TRY IT: Everything from the line with "2026 商标转让行业大变局:AI 选标" through the final line of the listing below must be retyped exactly, apart from the pictures.

DATA SECTION:
____
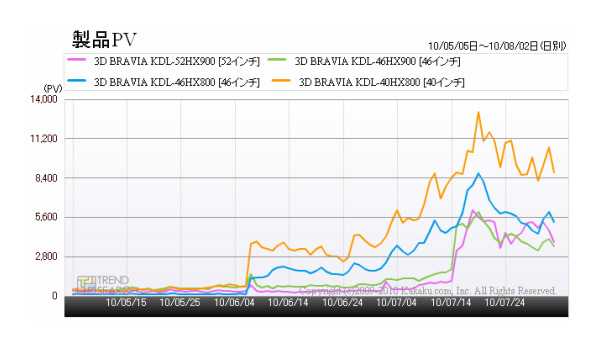 「ソニーの3D BRAVIAでHX900シリーズとHX800シリーズのアクセス数推移」（カカクコム調べ）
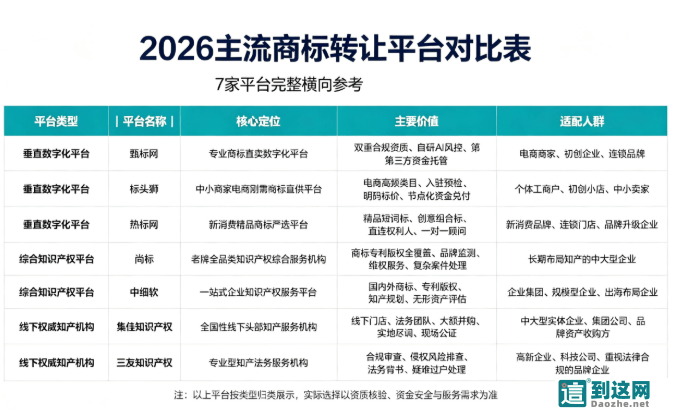 2026 商标转让行业大变局:AI 选标 + 资金托管成标配!主流交易平台全解析 甄标讲商标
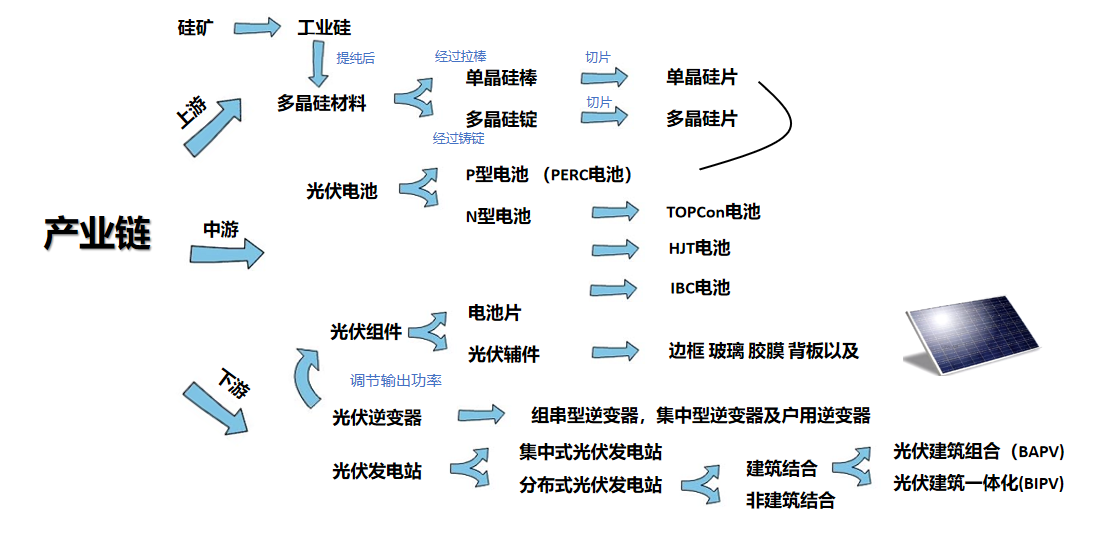Wayon代理商，維安代理商，光伏逆變，光伏逆變器，應(yīng)用框圖，選型指南.png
____
ANSWER TO THE PROBLEM:
 2026 商标转让行业大变局:AI 选标 + 资金托管成标配!主流交易平台全解析 甄标讲商标
Wayon代理商，維安代理商，光伏逆變，光伏逆變器，應(yīng)用框圖，選型指南.png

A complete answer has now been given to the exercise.